I was reading litb's answer to a question here , where he details how to create a specialized friend function of a class template .

I tried to create an exemplar which did just what he suggests ( code at the end ):

// use '<>' to specialize the function template with the class template's type
friend std::ostream& operator<< <>(std::ostream& os, const foo<T>& f)

It results in a compiler error :

error: defining explicit specialization ‘operator<< <>’ in friend declaration

Explicitly declaring the template parameter in the specialization doesn't work either:

friend std::ostream& operator<< <T>(std::ostream& os, const foo<T>& f) // same error

On the other hand, changing from using a specialization to use a friend function template instead does work:

template<typename U>
friend std::ostream& operator<<(std::ostream& os, const foo<U>& f) // this works

So my questions are:

• what is causing the first error?
• how can I explicitly specialize the ostream operator for the surrounding class template specialization?

Exemplar code below:

#include <iostream>

// fwd declarations
template<typename T> struct foo;
template<typename T> std::ostream& operator<<(std::ostream&, const foo<T>&);

template<typename T>
struct foo
{
    foo(T val)
        : _val(val)
    {}

    friend std::ostream& operator<< <>(std::ostream& os, const foo<T>& f) // error line
    //template<typename U>
    //friend std::ostream& operator<<(std::ostream& os, const foo<U>& f) // this works
    {
        return os << "val=" << f._val;
    }

    T _val;
};


int main()
{
    foo<std::string> f("hello world");
    std::cout << f << std::endl;
    exit(0);
}

Answer 1

In litb's example, he's just declaring the specialization as a friend in the class. He's not defining the specialization, which is what your code's doing. You're not allowed to define a specialization in a class declaration (or any non-namespace scope).

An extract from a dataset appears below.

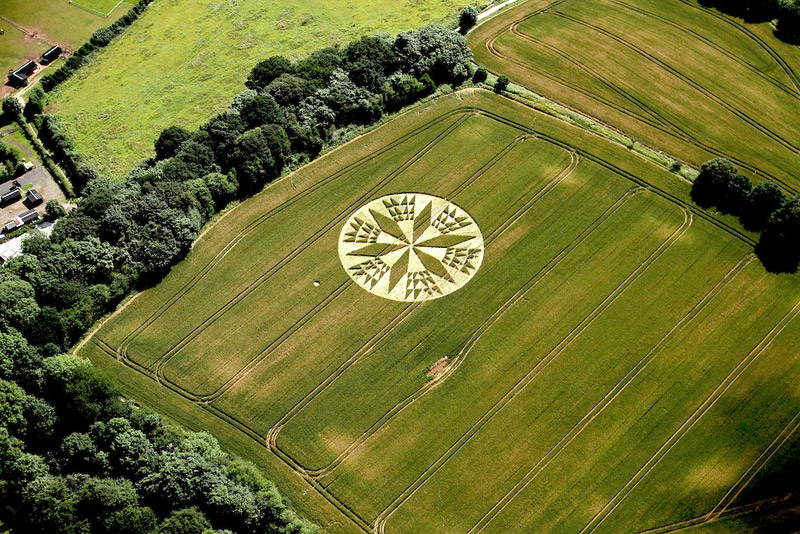 Burrow Hill Fort, Warwickshire crop circle, aerial photo 4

What you need is something like:

template <class T>
class foo;

template<class T>
std::ostream& operator<<(std::ostream& os, const foo<T>& f)
{
    return os << "val=" << f._val;
}

template<typename T> 
struct foo
{
    // ...
private:
    friend std::ostream& operator<< <>(std::ostream& os, const foo<T>& f);
    T _val;
};

Answer 2

You have 2 choices:

Remove fwd declarations and define everything in class.

Example

template <typename U>
friend std::ostream& operator<<(std::ostream& os, const foo<U>& f) // this works
{
    return os << "val=" << f._val;
}

Define friend function outside of the class.

Example

template<typename T> struct foo;
template<typename T> std::ostream& operator<<(std::ostream&, const foo<T>&);

template<typename T>
struct foo
{
    foo(T val)
        : _val(val)
    {}

    friend std::ostream& operator<< <>(std::ostream& os, const foo<T>& f);

    T _val;
};

template <typename T>
std::ostream& operator<<(std::ostream& os, const foo<T>& f)
{
       return os << "val=" << f._val;
}